**Exercise**
The pictures in the listing below are to be skipped, while the lines between the line holding "VETERAN: Liv-Cathrine Eriksen" and the line holding "Chateau Eau Claire Unit 13", inclusive, are to be output exactly.

**The data**
┏━━

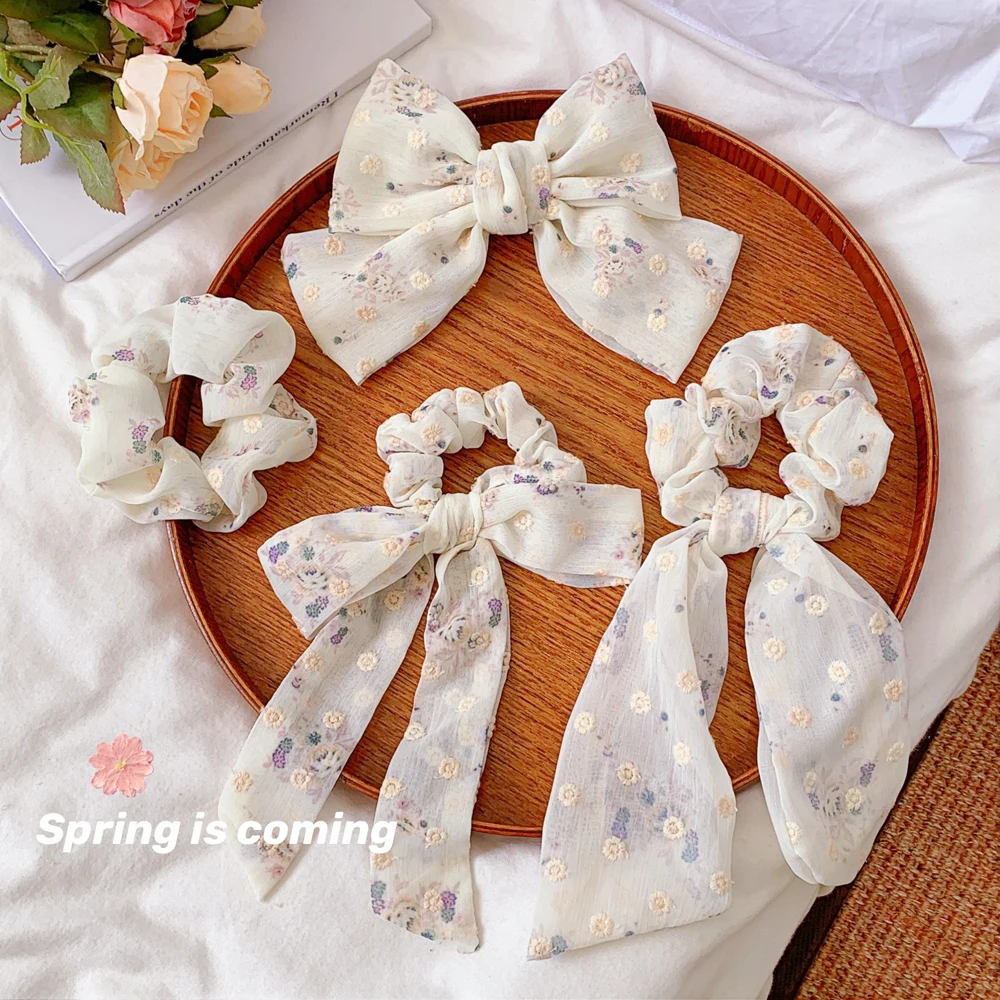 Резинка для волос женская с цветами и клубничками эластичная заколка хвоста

┗━━
┏━━

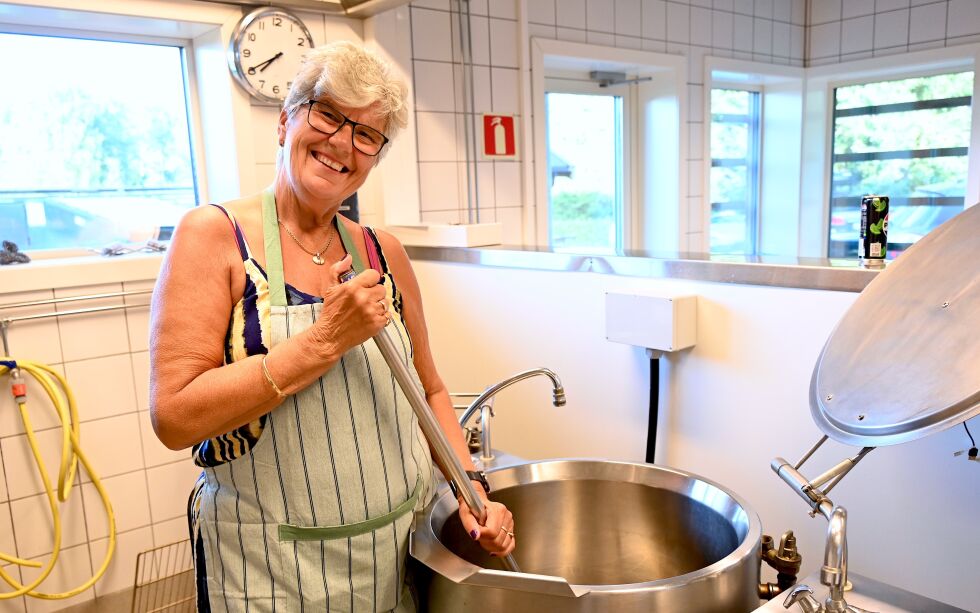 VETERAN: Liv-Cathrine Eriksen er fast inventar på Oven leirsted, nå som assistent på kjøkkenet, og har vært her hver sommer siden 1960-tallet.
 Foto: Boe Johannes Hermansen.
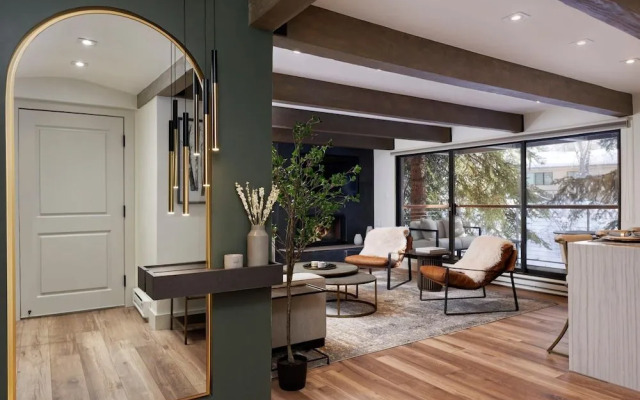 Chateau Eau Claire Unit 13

┗━━

**Result of this exercise**
 VETERAN: Liv-Cathrine Eriksen er fast inventar på Oven leirsted, nå som assistent på kjøkkenet, og har vært her hver sommer siden 1960-tallet.
 Foto: Boe Johannes Hermansen.
 Chateau Eau Claire Unit 13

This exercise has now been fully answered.